Segment Start: RAW DATA

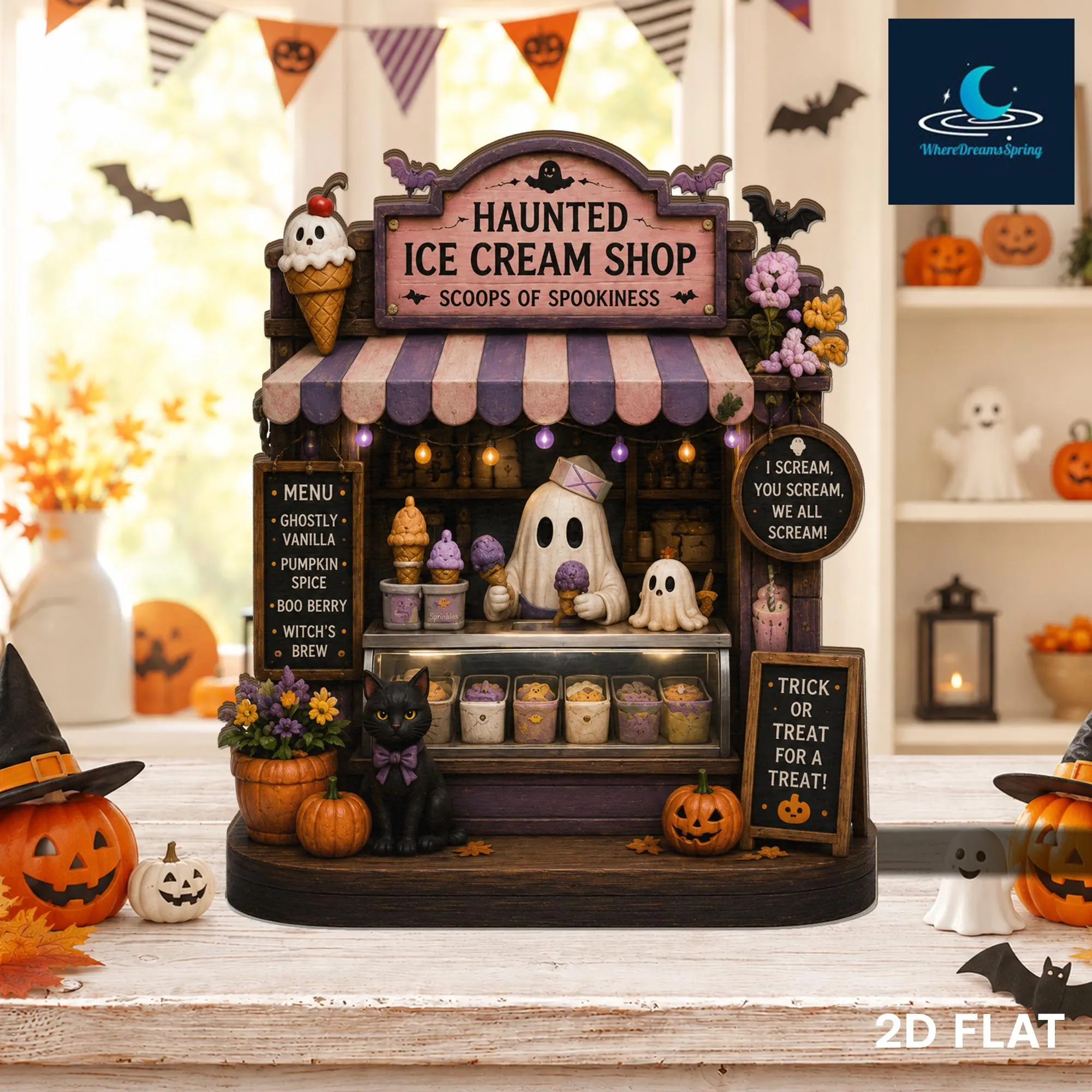 Haunted Ice Cream Shop Sign, Spooky Halloween Decor, Ghost Display, Fall Shelf Accent - image 4
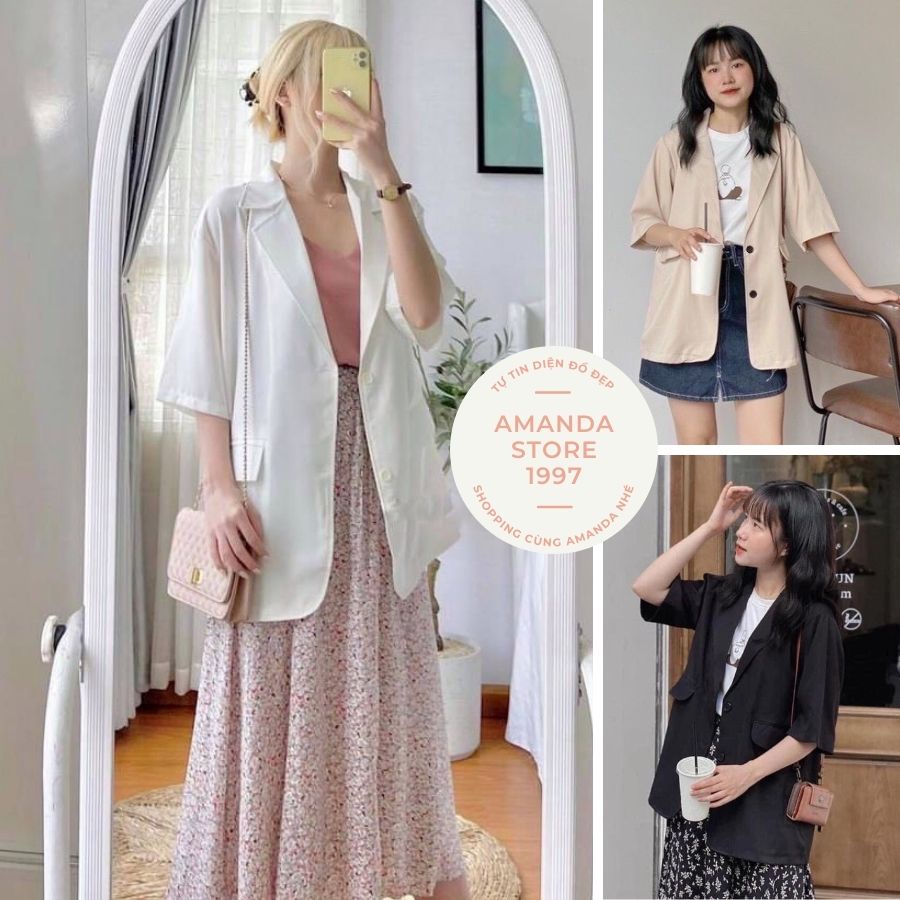 {Amanda}Blazer cộc tay dáng dài, lỡ 6 màu HOTHIT. Blazer ngắn tay trẻ trung mix đồ siêu dễ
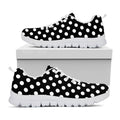 Black And White Polka Dot Pattern Print White Running Shoes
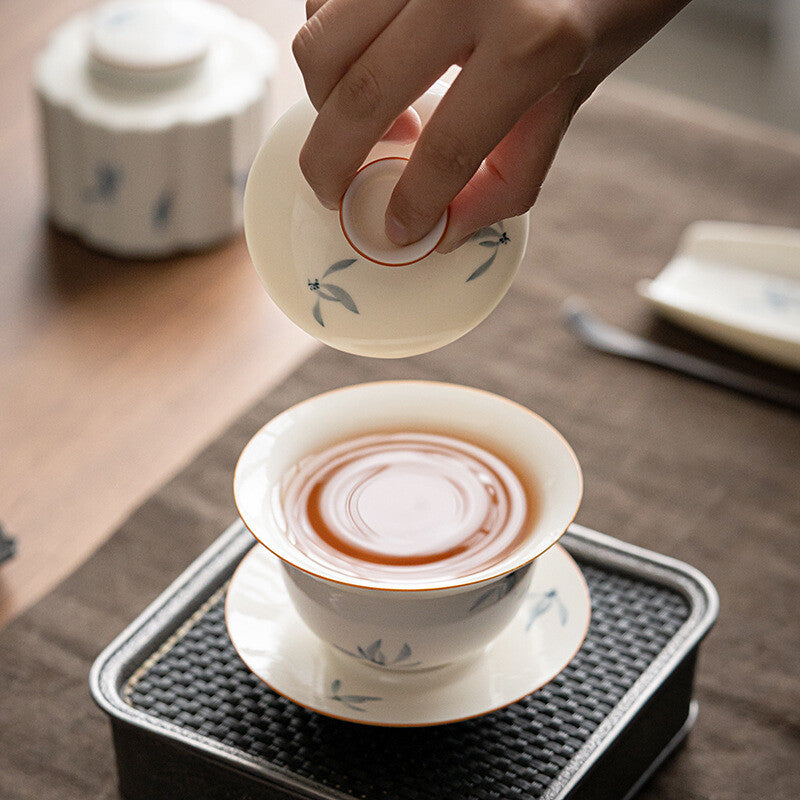 165ml Ceramic Porcelain Handmade Hand Painted Gaiwan Tea Lid Cup Tea Bowl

Segment End: RAW DATA

TASK DESCRIPTION: Copy word for word every line from the one holding "Black And White" to the end of the listing, both ends included, but do not copy any pictures.

TASK OUTPUT:
 Black And White Polka Dot Pattern Print White Running Shoes
 165ml Ceramic Porcelain Handmade Hand Painted Gaiwan Tea Lid Cup Tea Bowl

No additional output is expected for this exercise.